0

I would like to iterated cross KV (NoSql,Redis) Target in MLRun without specification of primary key(s) also, but I saw only ability to get specific KV item(s) based on specific key(s). I have to use only unique items, not duplicit items.

I chose NoSql/Redis Target because key operations in-memory are critical for quick responce (based on specific key), but from time to time I have to iterate cross whole collection of keys (and it is case of this question).

You can see part of my code for getting values based on keys:

import mlrun 
import mlrun.feature_store as fs
...

svc=fs.get_online_feature_service(fs.FeatureVector("myVector", ["client.*"]))
resp = svc.get([{"cuid": 1926, "key1": 100023}])

Do you know, how to iterate cross items in KV (NoSql, Redis) target in MLRun CE/Paid editions (version 1.2.1)?

JIST
  • 1,139
  • 2
  • 8
  • 30
JzD
  • 22
  • 11

2 Answers2

1

The NoSqlTarget is using a KV store which is inherently for retrieving an individual value based on a given key.

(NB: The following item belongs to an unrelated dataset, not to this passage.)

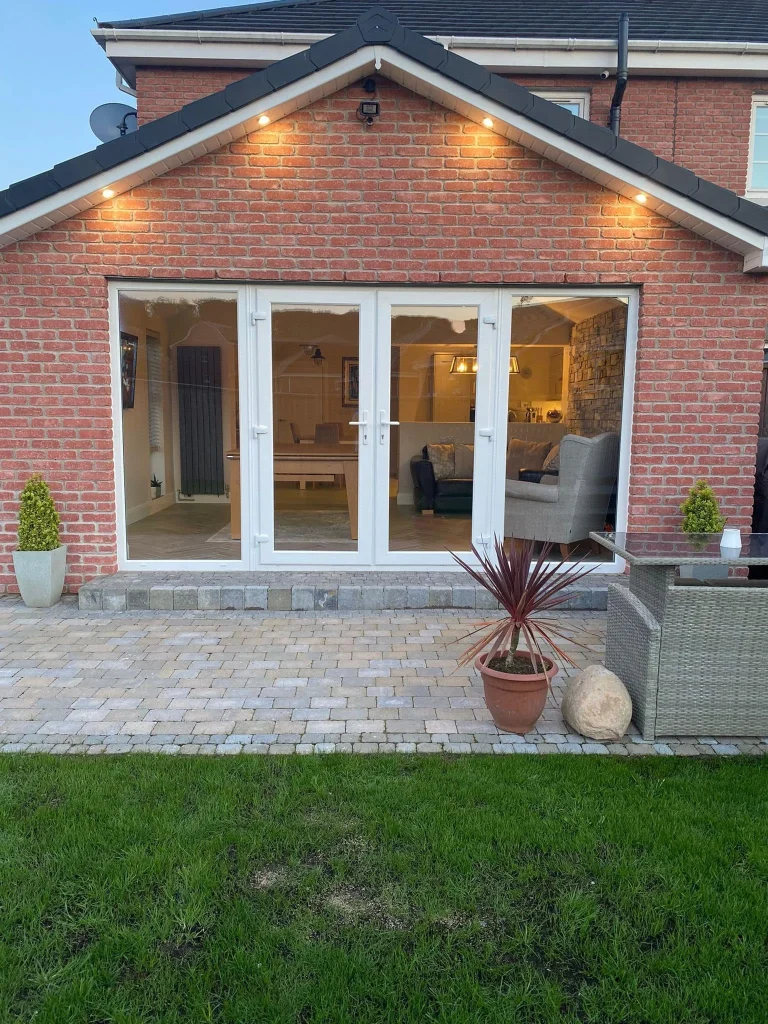 Brick extension with pitched roof and garden doors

If you are looking to retrieve the entirety of your feature vector, you should use the offline store instead. More info in the MLRun docs here

Alternatively, you could use the offline store to get a list of keys and then query the online store using those:

import mlrun.feature_store as fstore

df = fstore.get_offline_features("my-vec").to_dataframe()
keys = list(resp.to_dataframe().index.unique())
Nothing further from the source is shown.